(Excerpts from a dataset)

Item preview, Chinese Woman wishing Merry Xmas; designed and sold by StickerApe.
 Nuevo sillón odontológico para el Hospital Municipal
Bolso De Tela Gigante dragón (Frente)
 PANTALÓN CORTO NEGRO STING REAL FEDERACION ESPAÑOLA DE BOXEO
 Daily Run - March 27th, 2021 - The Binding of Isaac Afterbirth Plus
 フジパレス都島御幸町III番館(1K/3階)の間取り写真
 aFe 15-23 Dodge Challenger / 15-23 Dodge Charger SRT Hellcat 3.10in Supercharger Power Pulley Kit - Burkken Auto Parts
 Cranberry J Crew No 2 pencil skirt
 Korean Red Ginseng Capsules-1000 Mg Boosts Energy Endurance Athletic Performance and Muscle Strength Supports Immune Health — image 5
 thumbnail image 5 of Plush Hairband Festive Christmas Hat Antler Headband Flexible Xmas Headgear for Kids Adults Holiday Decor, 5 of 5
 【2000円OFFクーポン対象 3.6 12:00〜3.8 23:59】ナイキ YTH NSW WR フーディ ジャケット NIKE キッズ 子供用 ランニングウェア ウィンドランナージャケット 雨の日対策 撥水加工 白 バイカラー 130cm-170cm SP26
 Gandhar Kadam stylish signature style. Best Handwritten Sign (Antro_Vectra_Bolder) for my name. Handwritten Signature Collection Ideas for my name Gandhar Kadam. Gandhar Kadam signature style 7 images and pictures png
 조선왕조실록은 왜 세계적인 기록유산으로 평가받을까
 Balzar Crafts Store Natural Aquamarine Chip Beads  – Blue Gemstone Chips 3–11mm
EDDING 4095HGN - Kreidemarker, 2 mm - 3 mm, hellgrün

## EXERCISE AIM:
Look over the data and work out how many lines include the word "Xmas"; reply with the number only.

## RESPONSE:
2